The collars have been the subject of more than 105,354 incident reports, including the 3,000 pet deaths, more than any other EPA regulated product in history, according to the EPA’s incident database. From 2012 through 2022, the EPA received more than 100,000 incident reports related to the collars, including more than 2,500 pet death reports and nearly 900 reports of human pesticide incidents related to the Seresto pet collars.

“The EPA’s response to reported pesticide incidents involving Seresto pet collars has not provided assurance that the collars can still be used without posing unreasonable adverse effects to the environment, including to pets,” the OIG report states.

The collar has been under sharp scrutiny in recent years, after USA Today and Investigate Midwest published an investigation spotlighting the high number of incident reports about Seresto. The US House of Representatives Committee on Oversight and Government Reform, which is now the Committee on Oversight and Accountability, Subcommittee on Economic and Consumer Policy, launched an investigation and subsequently determined that the EPA knew for years that Seresto was linked to a high number of pet deaths but took no action and recommending that the EPA take it off market.

The OIG report recommends that the EPA issue a new decision on the chemicals, but the agency disagrees. In a response to the OIG, Michal Freedhoff, the EPA’s assistant administrator for the Office of Chemical Safety and Pollution Prevention, wrote that its 2023 investigation satisfied requirements under the Federal Insecticide, Fungicide and Rodenticide Act, which is the law regulating pesticides.

Freedhoff said there was a lack of evidence to tie the pesticides in the collars to the pet deaths.

“In many of the death-related incidents, critical details of the incident were often missing, preventing the Agency from determining the cause of the death,” Freedhoff’s response states.

“The only reported deaths that were found to be ‘probably’ or ‘definitely’ related to Seresto product use were associated with mechanical strangulation or trauma caused by the collar, often associated with a failure of the release mechanism. In addition, the rate of deaths reported for Seresto was similar to that for other pet products reviewed.”

But the OIG found that the EPA’s July 2023 investigation was fundamentally flawed and said the agency needs to improve assessments of adverse effects to pet health and update inadequate animal safety guidelines to align with international standards.

Lacking Regulatory Rigor EPA proposed transferring all regulation of pet products to the Food and Drug Administration. 

The OIG also recommended the EPA implement standard operating procedures for how to conduct domestic risk assessments, measurable standards to determine when a product poses unreasonable adverse effects.
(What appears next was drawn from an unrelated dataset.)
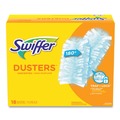 Office Jansan | Swiffer 99036BX Fiber Bristle Duster Refill - Light Blue (18/Box) image number 0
The OIG also recommended EPA implement better data requirements both pre-approval and for incident reporting.

“EPA product registration signals to the public that this product has undergone rigorous scrutiny and is deemed safe for public use,” EPA Inspector General Sean W. O’Donnell said in a press release. “Registration reviews must be conducted at the highest standard to safeguard public trust and protect human health, pet health, and the environment.”